Top of Provided records

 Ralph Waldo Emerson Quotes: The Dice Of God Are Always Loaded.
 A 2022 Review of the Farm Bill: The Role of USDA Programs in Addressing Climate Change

Bottom of Provided records
Top of Provided records

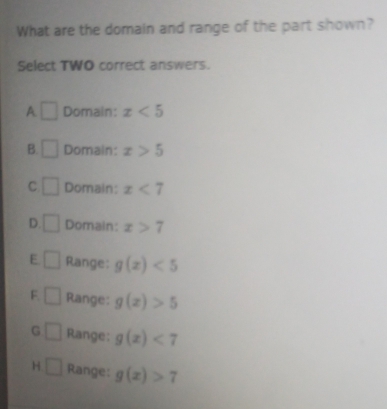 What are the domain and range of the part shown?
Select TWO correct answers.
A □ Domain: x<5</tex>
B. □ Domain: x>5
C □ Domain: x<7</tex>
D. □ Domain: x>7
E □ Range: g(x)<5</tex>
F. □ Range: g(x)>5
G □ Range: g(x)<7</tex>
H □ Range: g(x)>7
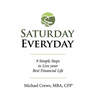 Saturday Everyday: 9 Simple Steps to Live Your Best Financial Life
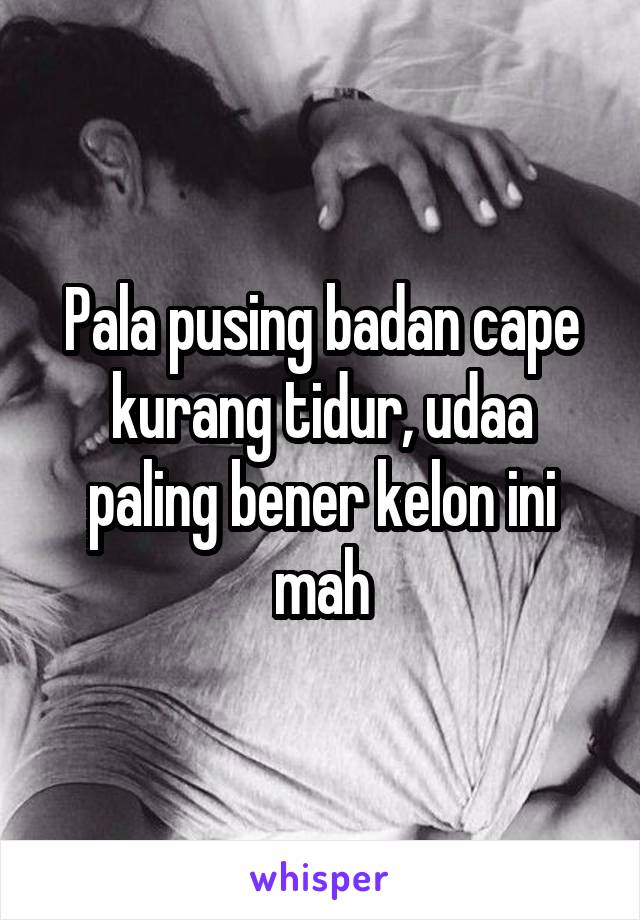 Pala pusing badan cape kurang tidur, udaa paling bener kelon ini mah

Bottom of Provided records

#### Try it:
Give back exactly the lines above that run from the one with "F. □ Range: g(x)>5" to the one with "Pala pusing badan", including both, with the pictures left out.

#### Answer space:
F. □ Range: g(x)>5
G □ Range: g(x)<7</tex>
H □ Range: g(x)>7
 Saturday Everyday: 9 Simple Steps to Live Your Best Financial Life
 Pala pusing badan cape kurang tidur, udaa paling bener kelon ini mah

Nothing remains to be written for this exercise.